Additionally, aptamers are relatively easy biosensors to produce and can be evolved to target the proteins that are indicators of disease, aiding in more sophisticated diagnostics. Several layers of different sensors may even be put in the same device to monitor several targets at the same time.
The next step for the researchers is to be able to deliver drugs automatically, with dosages based on the feedback generated by the device. An artificial pancreas, which monitors glucose levels in diabetics and uses this information to inject a controlled dose of insulin, is an example of one such system.

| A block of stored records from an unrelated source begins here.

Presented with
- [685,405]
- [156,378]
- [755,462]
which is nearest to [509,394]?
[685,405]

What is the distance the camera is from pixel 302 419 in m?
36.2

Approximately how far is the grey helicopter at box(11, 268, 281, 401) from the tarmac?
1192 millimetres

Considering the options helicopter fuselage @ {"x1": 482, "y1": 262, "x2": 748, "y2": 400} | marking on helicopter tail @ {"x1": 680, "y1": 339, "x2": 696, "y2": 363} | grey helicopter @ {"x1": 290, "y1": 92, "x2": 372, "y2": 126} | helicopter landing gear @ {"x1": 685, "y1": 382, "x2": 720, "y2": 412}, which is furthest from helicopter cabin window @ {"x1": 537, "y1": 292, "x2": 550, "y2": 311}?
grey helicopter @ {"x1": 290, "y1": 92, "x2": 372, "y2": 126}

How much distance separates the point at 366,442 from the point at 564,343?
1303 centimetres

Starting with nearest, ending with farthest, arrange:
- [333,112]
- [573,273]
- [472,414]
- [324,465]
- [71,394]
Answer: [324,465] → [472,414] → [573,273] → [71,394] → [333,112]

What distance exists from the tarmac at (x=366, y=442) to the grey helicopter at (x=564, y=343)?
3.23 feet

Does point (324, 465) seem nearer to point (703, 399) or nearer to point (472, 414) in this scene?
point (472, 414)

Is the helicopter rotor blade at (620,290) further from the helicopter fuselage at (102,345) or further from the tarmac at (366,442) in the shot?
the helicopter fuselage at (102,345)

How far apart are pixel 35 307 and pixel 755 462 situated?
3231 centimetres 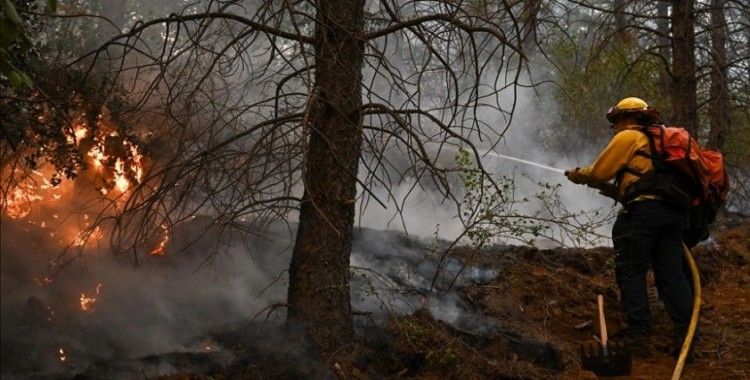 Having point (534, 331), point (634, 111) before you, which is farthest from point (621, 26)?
point (534, 331)

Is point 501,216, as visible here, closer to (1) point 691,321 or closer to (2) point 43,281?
(1) point 691,321

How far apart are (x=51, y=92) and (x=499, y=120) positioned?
11047 millimetres

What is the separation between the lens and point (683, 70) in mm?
8023

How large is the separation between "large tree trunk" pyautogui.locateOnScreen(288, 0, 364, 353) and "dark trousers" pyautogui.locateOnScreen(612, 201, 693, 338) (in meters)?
2.12

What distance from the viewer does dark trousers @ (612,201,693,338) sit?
5.45 m

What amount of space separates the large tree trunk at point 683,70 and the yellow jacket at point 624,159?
2.77 meters

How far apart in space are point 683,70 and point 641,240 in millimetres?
3318

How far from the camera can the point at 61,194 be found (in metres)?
7.21

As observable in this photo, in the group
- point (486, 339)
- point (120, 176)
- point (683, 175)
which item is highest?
point (120, 176)

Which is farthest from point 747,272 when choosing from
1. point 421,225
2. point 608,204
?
point 608,204

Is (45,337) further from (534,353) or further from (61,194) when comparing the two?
(534,353)

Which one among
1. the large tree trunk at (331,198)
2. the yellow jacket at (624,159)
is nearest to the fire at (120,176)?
the large tree trunk at (331,198)

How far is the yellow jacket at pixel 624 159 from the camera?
5.57 meters

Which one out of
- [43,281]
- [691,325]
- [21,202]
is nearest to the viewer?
[691,325] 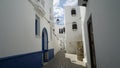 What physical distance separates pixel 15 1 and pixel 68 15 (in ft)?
53.7

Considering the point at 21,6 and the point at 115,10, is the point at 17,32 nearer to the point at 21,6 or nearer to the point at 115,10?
the point at 21,6

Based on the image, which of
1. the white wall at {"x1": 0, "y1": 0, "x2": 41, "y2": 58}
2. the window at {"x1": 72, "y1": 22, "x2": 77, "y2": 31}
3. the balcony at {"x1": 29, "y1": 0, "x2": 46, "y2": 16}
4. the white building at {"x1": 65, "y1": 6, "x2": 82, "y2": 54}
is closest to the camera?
the white wall at {"x1": 0, "y1": 0, "x2": 41, "y2": 58}

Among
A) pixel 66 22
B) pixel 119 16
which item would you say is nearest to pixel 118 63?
pixel 119 16

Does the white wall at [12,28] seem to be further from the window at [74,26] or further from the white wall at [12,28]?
the window at [74,26]

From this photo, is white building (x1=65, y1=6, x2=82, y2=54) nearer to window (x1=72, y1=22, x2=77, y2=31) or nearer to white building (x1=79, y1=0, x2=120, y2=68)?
window (x1=72, y1=22, x2=77, y2=31)

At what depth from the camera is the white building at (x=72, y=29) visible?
18859 millimetres

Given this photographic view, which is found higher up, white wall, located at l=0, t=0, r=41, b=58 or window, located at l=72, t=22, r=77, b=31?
window, located at l=72, t=22, r=77, b=31

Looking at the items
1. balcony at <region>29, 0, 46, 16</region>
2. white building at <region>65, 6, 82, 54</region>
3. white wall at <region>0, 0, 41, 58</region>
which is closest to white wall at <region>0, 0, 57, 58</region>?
white wall at <region>0, 0, 41, 58</region>

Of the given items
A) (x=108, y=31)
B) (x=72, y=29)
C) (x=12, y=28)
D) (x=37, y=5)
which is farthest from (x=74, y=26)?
(x=108, y=31)

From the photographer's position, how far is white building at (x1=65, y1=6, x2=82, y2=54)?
61.9 feet

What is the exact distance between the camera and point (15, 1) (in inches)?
162

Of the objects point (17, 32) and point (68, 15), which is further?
point (68, 15)

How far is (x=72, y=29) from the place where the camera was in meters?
19.3

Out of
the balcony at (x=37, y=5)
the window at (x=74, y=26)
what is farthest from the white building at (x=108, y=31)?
the window at (x=74, y=26) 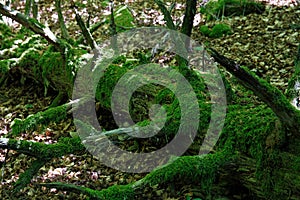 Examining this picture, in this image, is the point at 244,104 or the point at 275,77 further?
the point at 275,77

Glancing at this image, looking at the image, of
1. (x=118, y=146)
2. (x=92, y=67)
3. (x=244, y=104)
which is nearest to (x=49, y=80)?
(x=92, y=67)

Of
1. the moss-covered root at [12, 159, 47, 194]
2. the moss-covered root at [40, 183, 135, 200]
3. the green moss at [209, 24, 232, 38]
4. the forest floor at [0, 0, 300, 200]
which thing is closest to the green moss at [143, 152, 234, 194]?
the moss-covered root at [40, 183, 135, 200]

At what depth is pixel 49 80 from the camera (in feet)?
17.6

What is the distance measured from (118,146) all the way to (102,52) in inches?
54.1

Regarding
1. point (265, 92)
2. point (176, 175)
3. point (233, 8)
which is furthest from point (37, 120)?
point (233, 8)

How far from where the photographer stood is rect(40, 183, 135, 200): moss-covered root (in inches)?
102

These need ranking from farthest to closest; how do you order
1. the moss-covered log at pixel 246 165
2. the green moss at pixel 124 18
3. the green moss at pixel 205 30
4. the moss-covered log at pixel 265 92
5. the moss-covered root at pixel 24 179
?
1. the green moss at pixel 124 18
2. the green moss at pixel 205 30
3. the moss-covered root at pixel 24 179
4. the moss-covered log at pixel 246 165
5. the moss-covered log at pixel 265 92

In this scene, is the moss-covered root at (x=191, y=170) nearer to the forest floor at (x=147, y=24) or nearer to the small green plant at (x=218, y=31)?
the forest floor at (x=147, y=24)

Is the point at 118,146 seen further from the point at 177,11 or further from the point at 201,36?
the point at 177,11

UCSB researchers in chemical engineering recently helped develop an artificial pancreas system, which has been in clinical trials in conjunction with insulin therapies for type 1 diabetes.
“The ability to do feedback is really critical for a lot of diseases,” said Soh. Chemotherapy, for instance, where the therapeutic range is narrow for many drugs and patients need continuous infusions, could benefit from a continuous feedback loop between patient and pump.
“In the long term, we could use this feedback to control broken biological systems,” he said.
Research on MEDIC is published in the journal Science Translational Medicine. Research was also conducted by David Hoggarth from the UCSB Institute for Collaborative Biotechnologies; Dan Maliniak, Kyle Ploense and Nick Woodward from the UCSB Department of Psychology; Kuangwen Hsieh from the UCSB Department of Mechanical Engineering; Michael Eisenstein from the Department of Mechanical Engineering and Materials Department at UCSB; and Andrew Bonham from the Department of Chemistry, Metropolitan State University of Denver. Funding for this research came from the National Institutes of Health, the UCSB Institute for Collaborative Biotechnologies via the U.S. Army Research Office and the Garland Initiative.